[Opening MATERIAL TO PROCESS section]

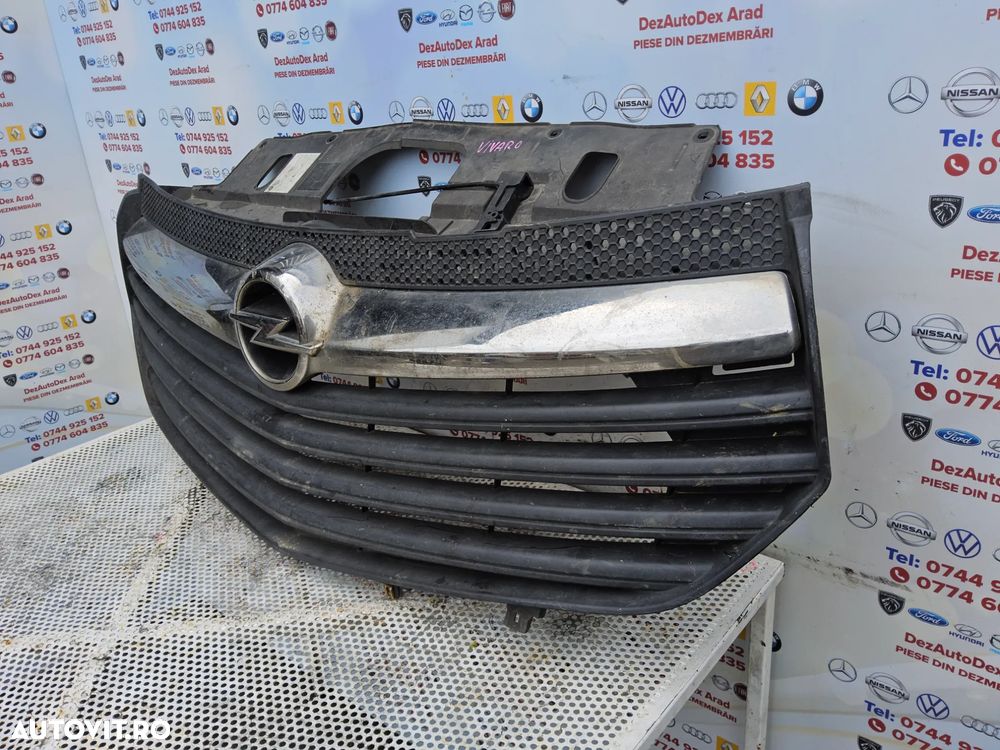 Grila bara fata Opel Vivaro 2014-2020 grila faruri fata cu emblema Opel Vivaro - 4
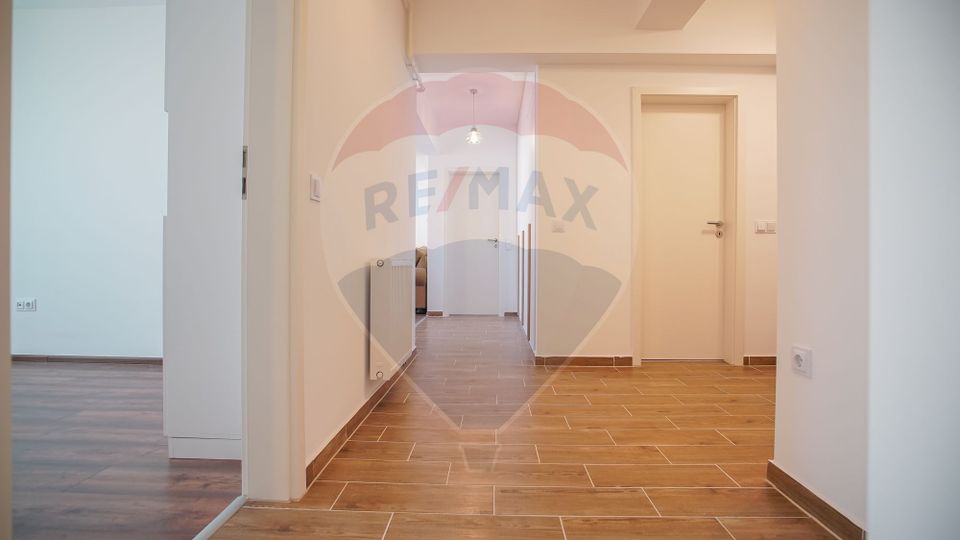 3 room Apartment for rent, Tractorul area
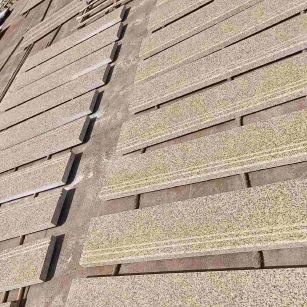 朔州 黄金麻花岗岩光面楼梯踏步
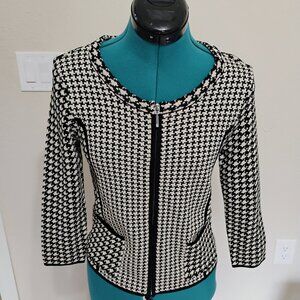 Coldwater Creek Woman's zippered  Sweater petite 4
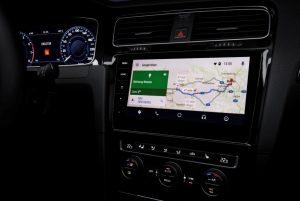 vw-golf-7-variant-tgi-2017-innen-navi-bildschirm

[Closing MATERIAL TO PROCESS section]

WHAT THE TASK REQUIRES: Repeat the records word for word and drop any pictures.

SOLVED PROBLEM:
 Grila bara fata Opel Vivaro 2014-2020 grila faruri fata cu emblema Opel Vivaro - 4
 3 room Apartment for rent, Tractorul area
 朔州 黄金麻花岗岩光面楼梯踏步
 Coldwater Creek Woman's zippered  Sweater petite 4
 vw-golf-7-variant-tgi-2017-innen-navi-bildschirm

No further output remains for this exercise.